You can say, I just deployed a canary. I let it run for, keep an eye on my canary and only let it in there or tell me how the canary is comparing itself with my current production.
And right now, I understand it's a config file, just a JSON format
that you're using
to define the metrics,
but how are the results
being then
displayed to the end user?
Am I going to a dashboard?
Is it part of my CICD
summary page?
How am I seeing the results?
Yeah,
in my case,
and it would be great
if you actually volunteer
to put it for TFS.
So I have two implementations,
one for
one of your competitors they start with an a and with ws i know and there i put the i put the
results in a dynamo db table and then i have a little dashboard on top but also with links back
to the dynatrace dashboards if you want to have all the details behind the metrics and then i
also just built the same thing for Jenkins
where the results will just be a build artifact in Jenkins.
Nice.
No, yeah, we need to talk about that when I'm there for Dev1
because I would like to actually see that.
And, yeah, that's really cool.
That's like to the point where we need to make sure that that works inside of VSTS
because that is just,
has my brain running right now
of all the cool stuff.
And we have,
we actually have
what we call delivery gates
built inside of our
release management product.
And they can be custom gates
that literally will run
for as long as you tell them to run,
validating whatever you tell them
to validate.
And if and only if this stays true,
will it then say,
okay, it's safe to go
to the next environment. Because we deploy, we use safe deployment for release management.

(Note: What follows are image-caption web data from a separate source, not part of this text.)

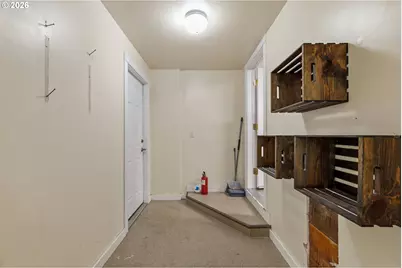 1161 NW Ellis St, Roseburg, OR 97471 - Photo 33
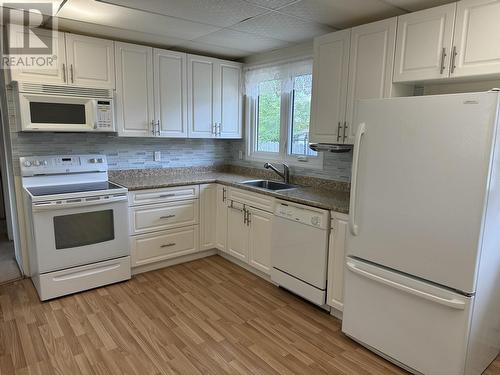 11 Baker Road, Mackenzie, BC - Indoor Photo Showing Kitchen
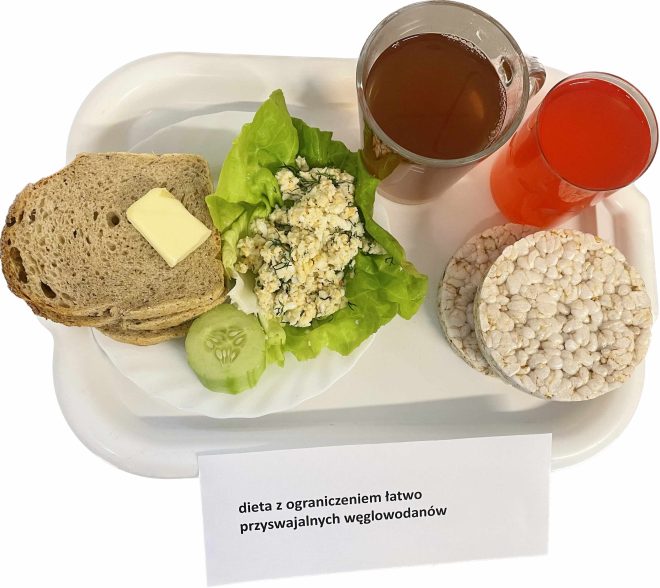 Zdjęcie przedstawia posiłek, śniadanie zgodnie z dietą ograniczającą łatwo przyswajane węglowodany.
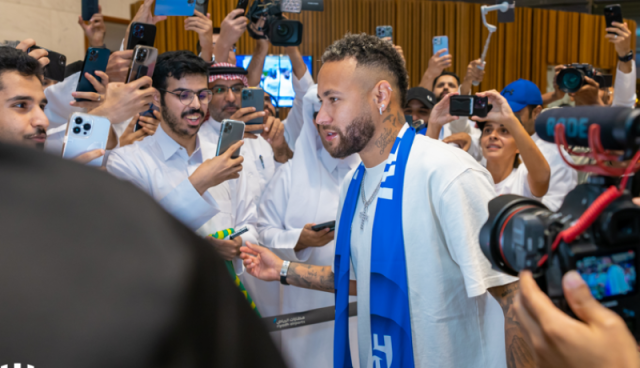 بالفيديو.. نيمار يصل الرياض تحسبا للالتحاق بالهلال السعودي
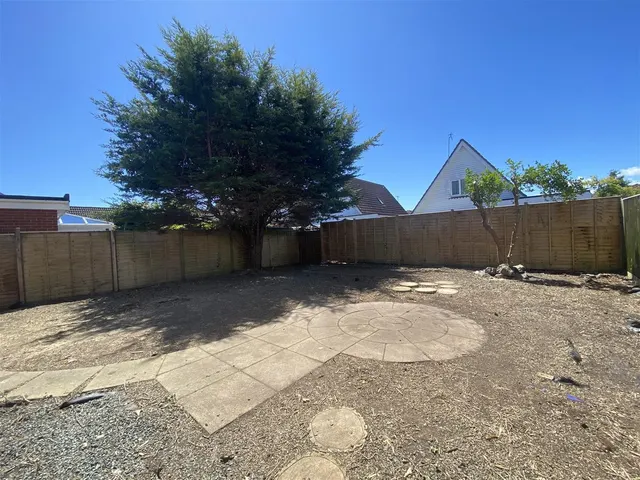 Photo 2 — Maytree Close, Angmering, Littlehampton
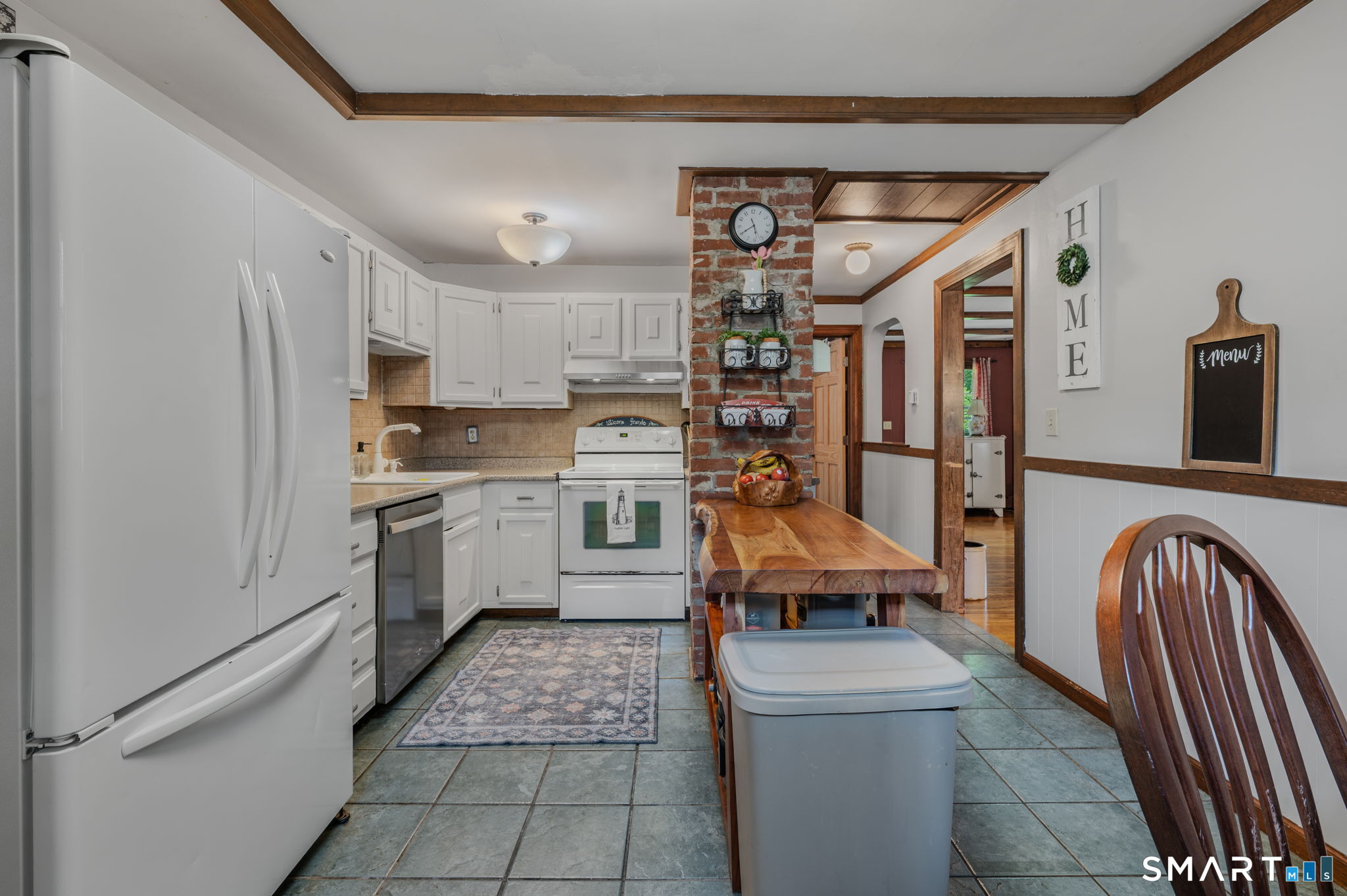 21 Goshen Road Waterford CT 06385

So I think we talked about this a little bit in the last show. It goes through several different
rings. And historically, we sit it for 24 to 48 hours in each ring as we monitor the things that
we find important and if and only if they're good. And what we've done with release gates is we've
automated safe deployment because instead
of a human being having to go run a query to see if any new bugs have been logged in
the last 48 hours, we literally have our tool go run that query for us and see if there's
been any new bugs.
You can run arbitrary functions inside of Azure.

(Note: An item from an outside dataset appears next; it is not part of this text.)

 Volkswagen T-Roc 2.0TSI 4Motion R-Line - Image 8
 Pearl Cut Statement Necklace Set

You can run REST API calls.
And we could also wire in something like what you just described.
I want you to go run for the next 24
hours this in production and make sure that we don't break any of these SLAs that we have guaranteed
for usage. And then if and only if they're green, give us a signal that it's safe to go to QA and
staging and all that good stuff. Yeah. So the way when I present this, and I did a meetup this week
in Boston and I did some other presentations, I said as you just said normally we have somebody that knows there's a new build
i need to run my tests at the end of the test to look at the dashboards from my let's say uh
visual studio load or from my g meter or from my getling or from my new list and then i look at
the dashboards and i compare it but we can automate all of that because, you know, we are in 2018.
I mean, why do I need to look at dashboards?
And instead of knowing, I need to look at response time and failure rate and CPU consumption.
I can put these metrics into a config file.
And that's what I'm doing.
That's what we automated.
And, yeah, check it out.
I will, you know, we talk anyway.
So I'll show you more, and then hopefully we have you on another episode where you show us or talk about how you integrated the whole thing with TFS.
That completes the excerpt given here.